Yıllar boyu iktidarlar, Sosyalizasyon sistemine kendi damgalarını basmak için ya adını ya da içeriğini değiştirmeye uğraşsalar da Hoca’nın kurduğu bu altyapı sapasağlam dayandı. Yine onun kurduğu Toplum Hekimliği disiplini kuşaklar boyunca yeni doktor ve sosyal bilimciler yetişip, yurt sathına yayıldıkça halk sağlığı kültürü yerleşti. Günümüz iktidarı tarafından kurulduğu iddia edilen Aile Hekimliği hizmetleri, işte bu kapı gibi temel üzerine kuruldu. Eğer AKP’nin sağlık hizmetlerinin yaygınlaştırılması nedeniyle oy aldığı doğru ise, Parti, bu oyların çoğunu Nusret Fişek’in mirasına ve ardında bıraktığı misyon kültürüne borçludur.

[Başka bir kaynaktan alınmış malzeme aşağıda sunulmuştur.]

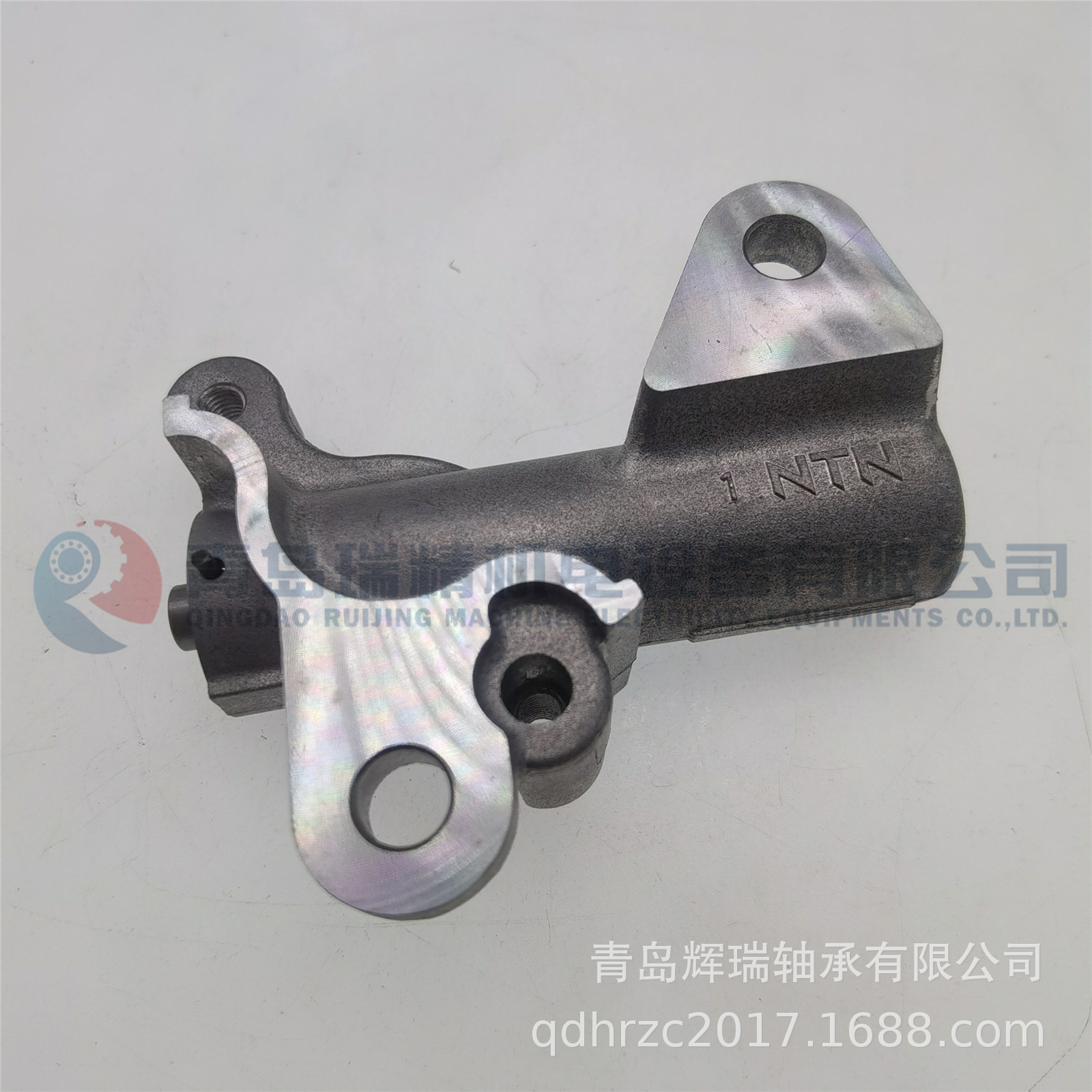 NTN HAT014-5 (3).jpg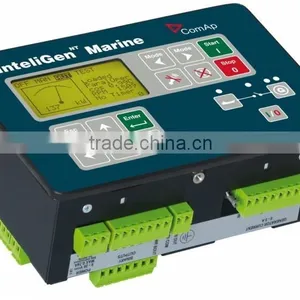 InteliGen-NT Marine Moudle thumbnail-2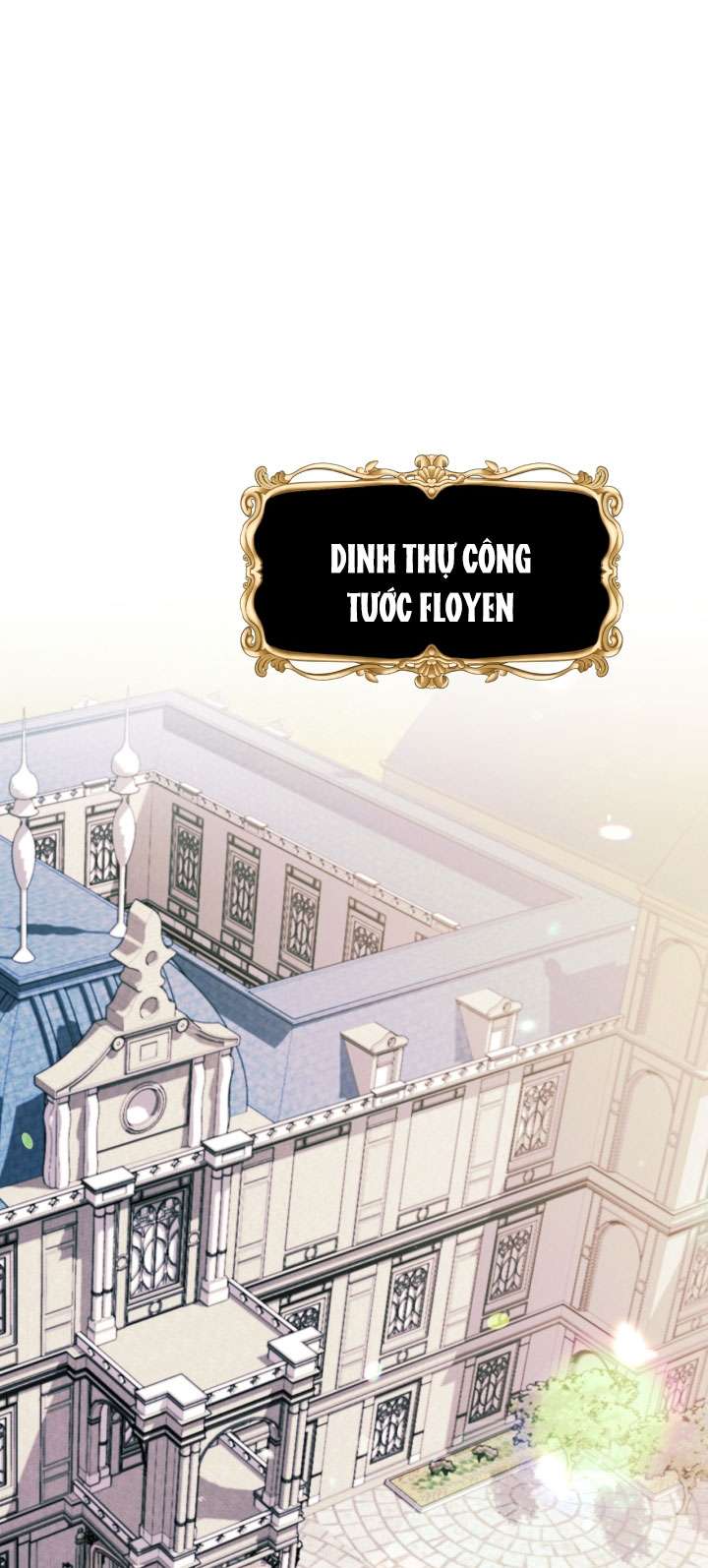Cha À, Con Không Muốn Kết Hôn Đâu Chap 68 - Trang 2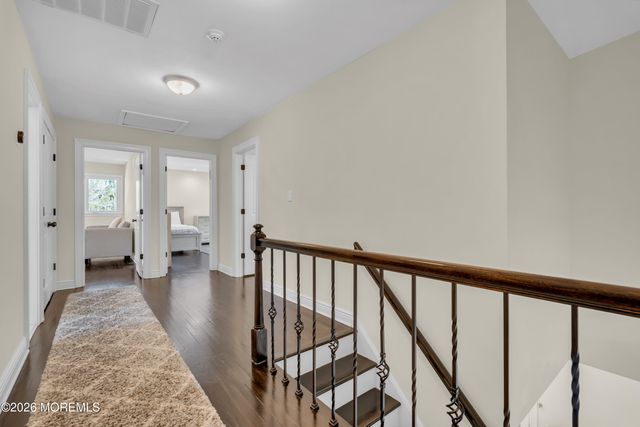 1 Ciafardini Court, Marlboro, NJ 07746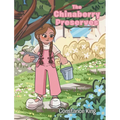 The Chinaberry Preserves - Hardcover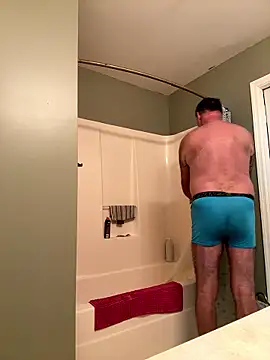 Snapshot of nicecock6900 chatting on January 12, 2026, 11:39 am nicecock6900 online show from January 12, 2026, 11:39 am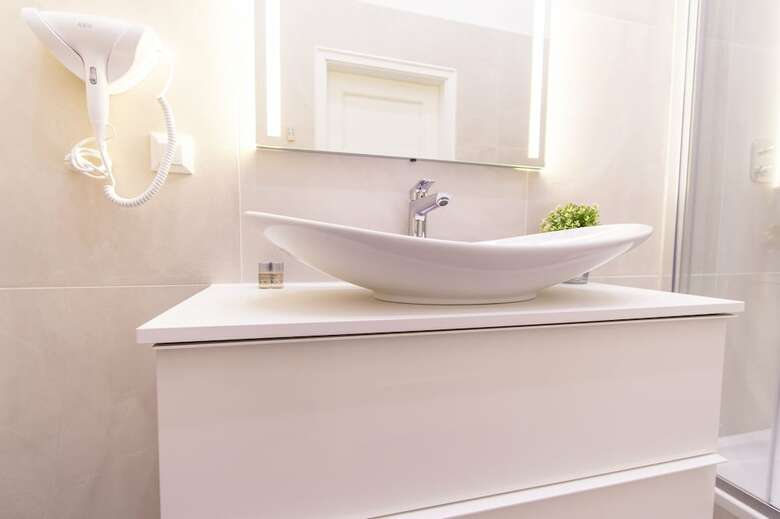 Apartamento Checkvienna - Erdbergstrasse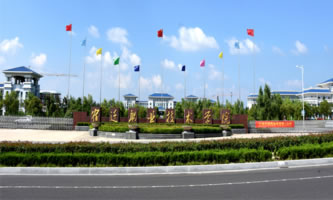 ���w�I(y��)���g(sh��)�W(xu��)Ժ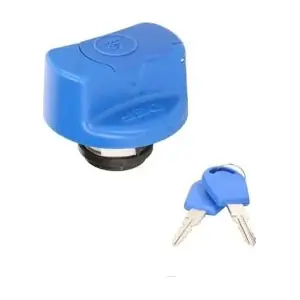 372024 Automotive RYME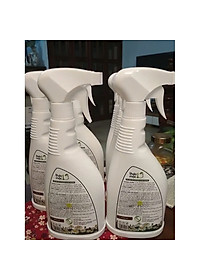 product-img-16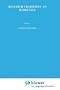 Research Traditions in Marketing (International Series in Quantitative Marketing)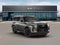 2027 INFINITI QX80 Autograph 4WD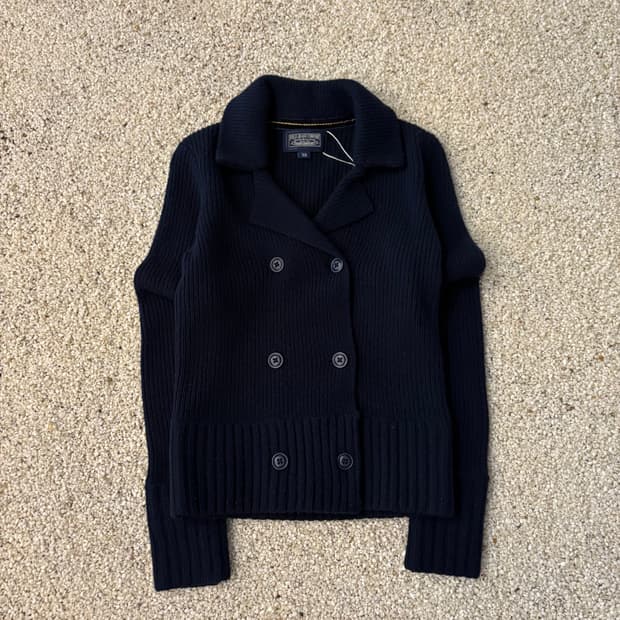 폴로 긴팔 자켓 ⭐️818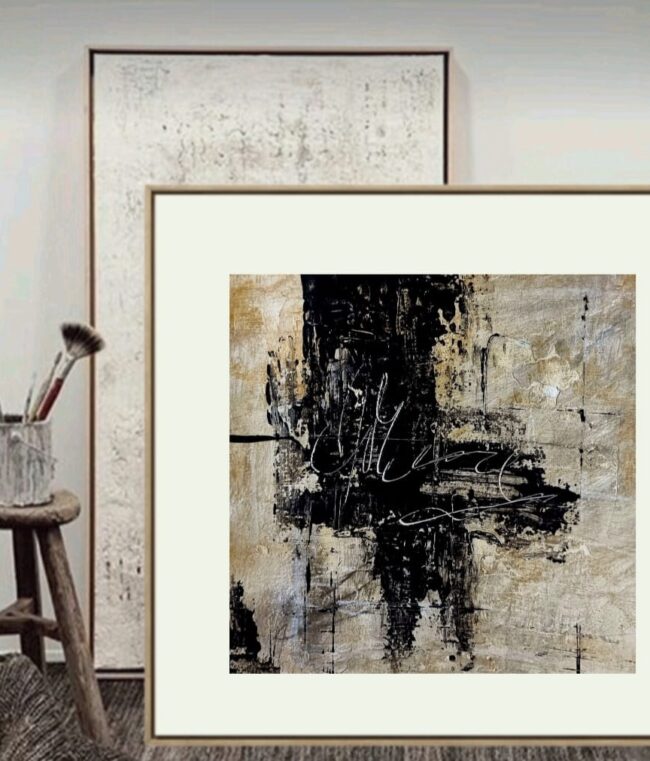 1 - 13 ESTANCIA 1 - 13 ESTANCIA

Eminim ki, yaşasaydı, bu durum karşısında buruklaşmaz, nasıl daha etkili hale getirilebilir, diye düşünürdü. İşte onun büyüklüğü de buydu. Markalaşması önemli değildi. Önemli olan mümkün olduğu kadar çok gebeliğin sağlıklı sonuçlanması, olabildiğince çok çocuğun küçük yaşta ölmemesi ve iyi gelişmesi, Bonzai kullanımının önlenmesi gibi birçok yeni modern sağlık problemlerinin çözülmesi olurdu onun için.